Retirement got so based around the work-save-retire concept that people focused on the money first. It didn't matter if you hated your job (or even were that good at it), as long as you had the right amount of money and benefits for your retirement. People's lives became too easily defined by bank accounts, investments, and the idea that someday work would end.
Of course this didn't work out. The Great Recession came, socio-economic changes came, and a lot of people made bad decisions. Now with many retirements in tatters, I think it's clear the idea of "I hate it but make money" was a shallow farce.
It's also clear why people who do what they like, progeeks like you and I, are better off for retirement.
Here are the reasons:
- Doing what you like removes the deadline of retirement. Without the idea of shutting your life down at a given age you can just embrace doing what you like and enjoying life. It gives you a life, not an expiration date. What's wrong with working until you drop if your work is meaningful?
- Doing what you like gives you enthusiasm and energy because you're not facing a grind you hate. You'll do better, probably make more money, and certainly get more out of your life.
- Doing what you like opens you up to new opportunities.
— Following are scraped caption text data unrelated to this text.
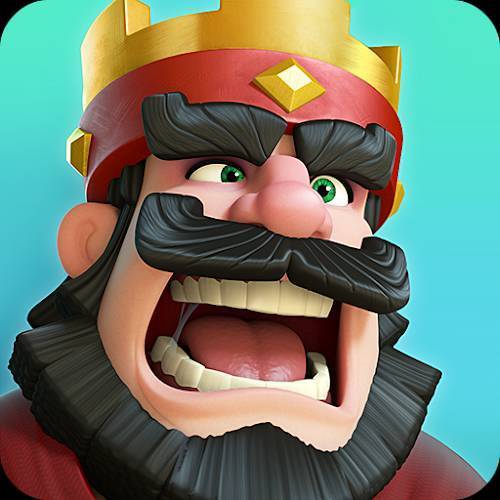 Videojuegos Clash Royale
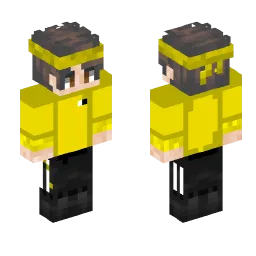 Minecraft Skin #196351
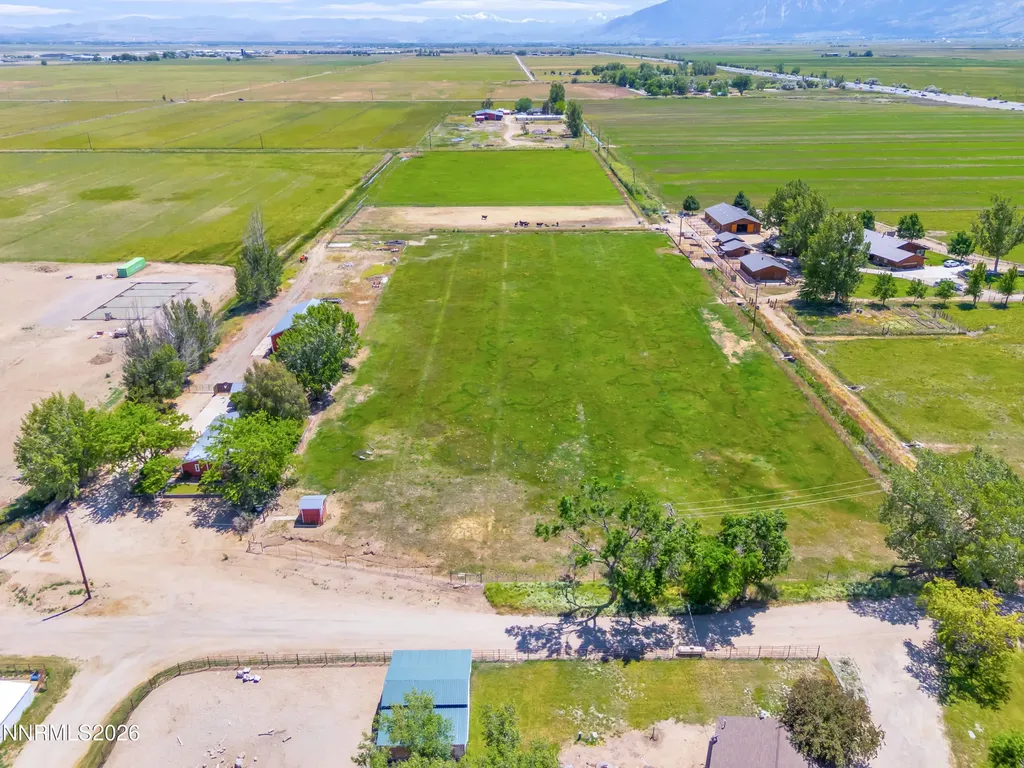 2699 U.s. N Highway 395 Minden NV 89423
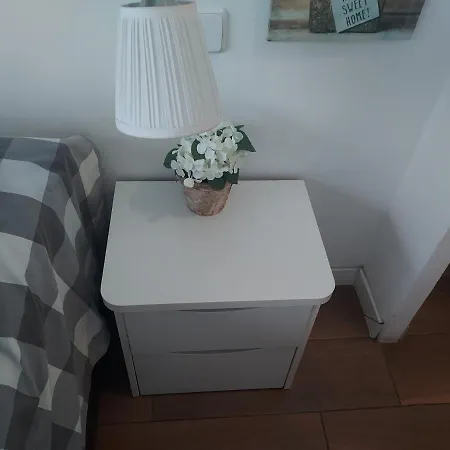 Valentina Apartment Madrid Exterior photo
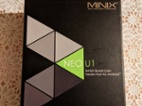 Minix neo-u1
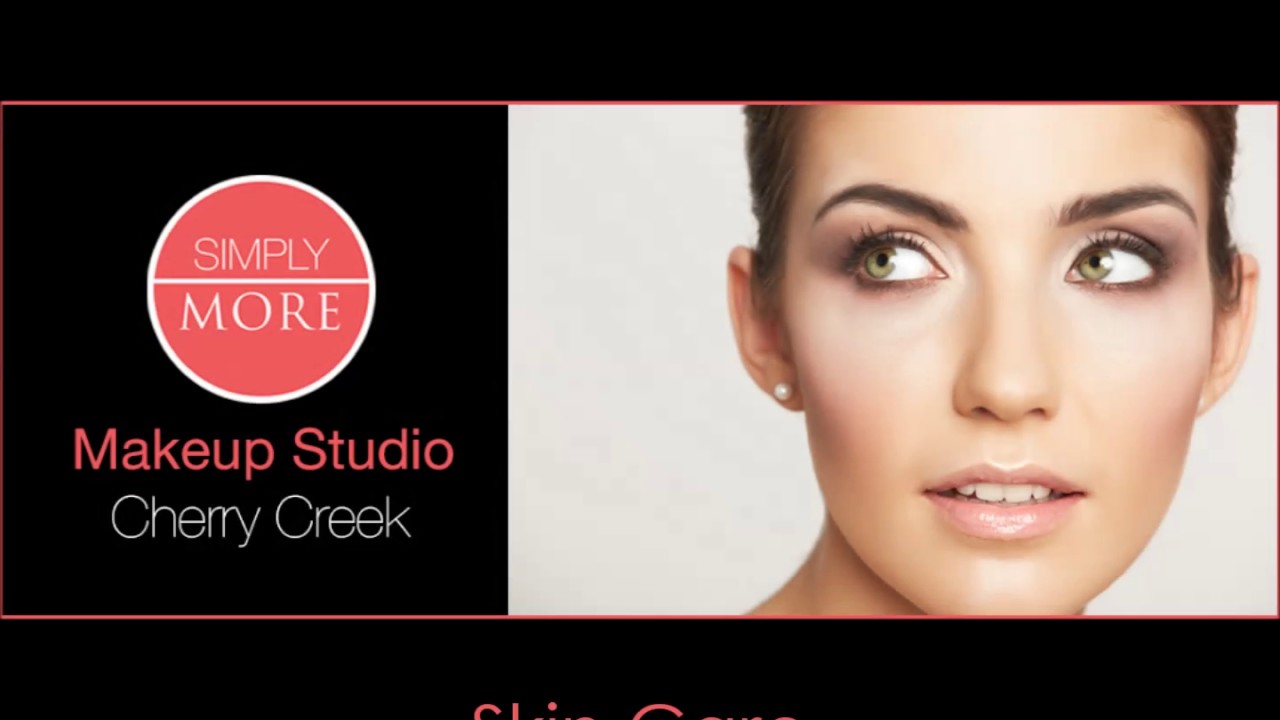 Simply More Makeup Studio - Cherry Creek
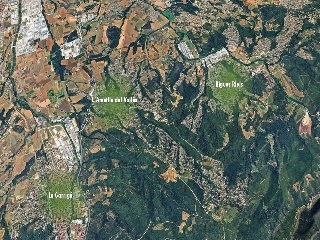 Suelo urbano consolidado en L´Ametlla del Vallès - Barcelona - 5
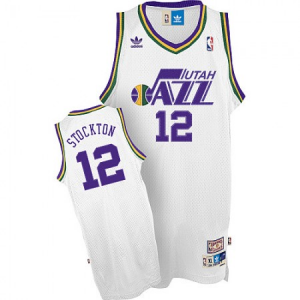 Utah 4jpg — Maillots NBA option 120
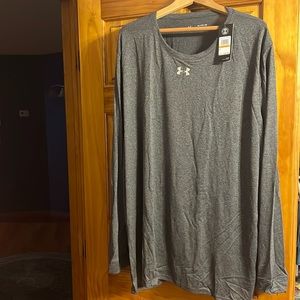 Under armour long sleeve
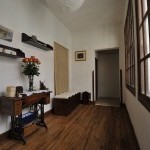 Hallway 4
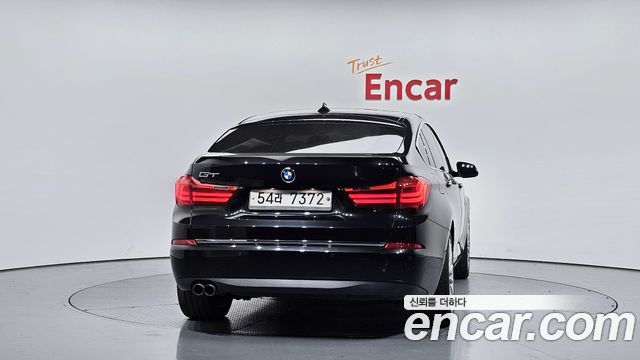 BMW 5 Series GT (F07) GT ED Edition 2017 — фото 4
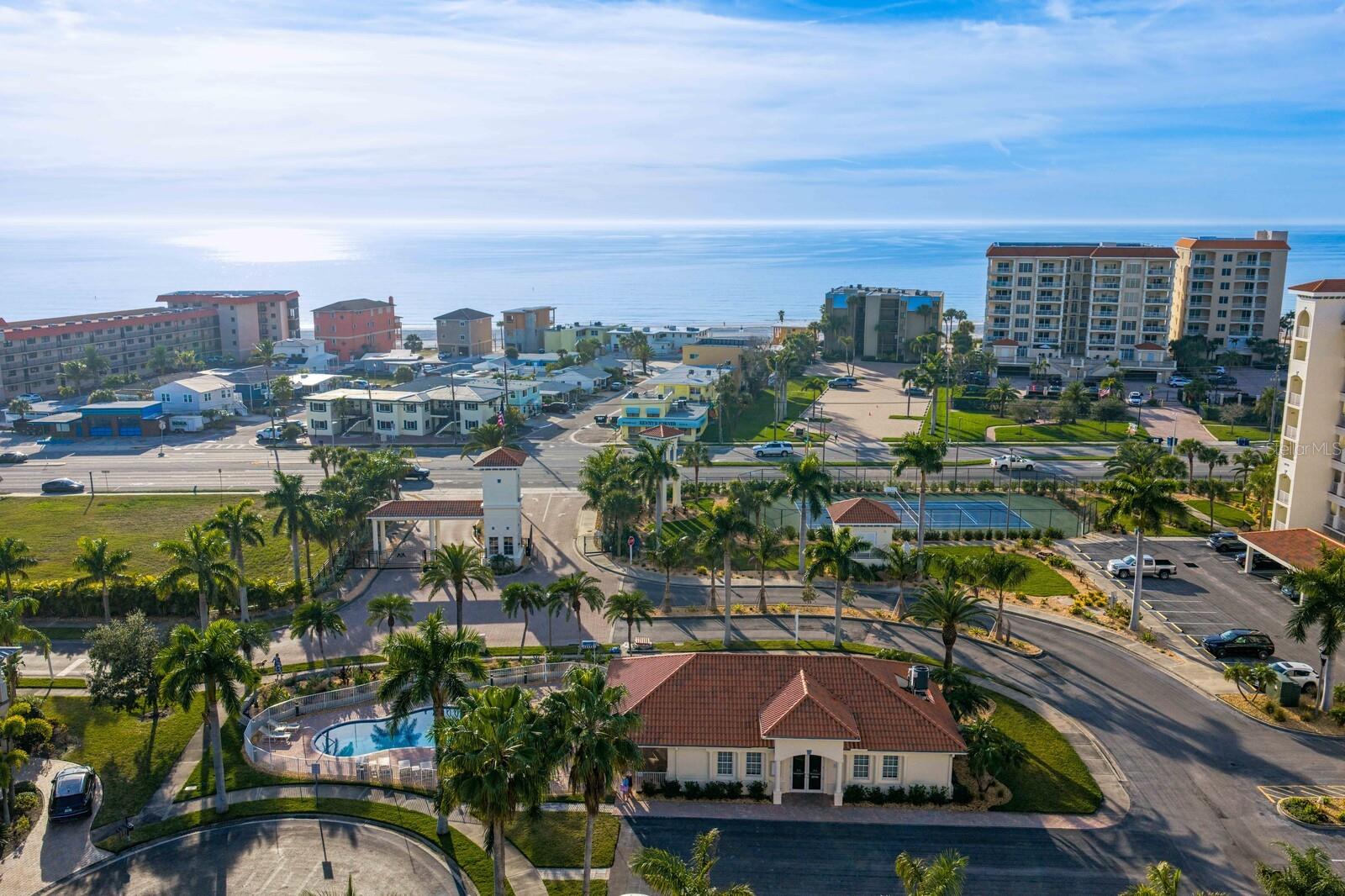 Image 75 of 91 For 17745 Gulf Boulevard 502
This will give you new opportunities to make money and have a life – which will go a long way to a good retirement (if you ever truly retire).
- Doing what you like focuses you on sustaining your life and what you care about, not an "escape" later in life. You'll build your life around what you care about, as opposed to waiting.
The retirement we knew, the myth, was really a farce for too many. Better to build your life around what you care about and find ways to sustain that.
One size doesn't fit all. In fact, for retirements, I don't think one size really ever existed anyway.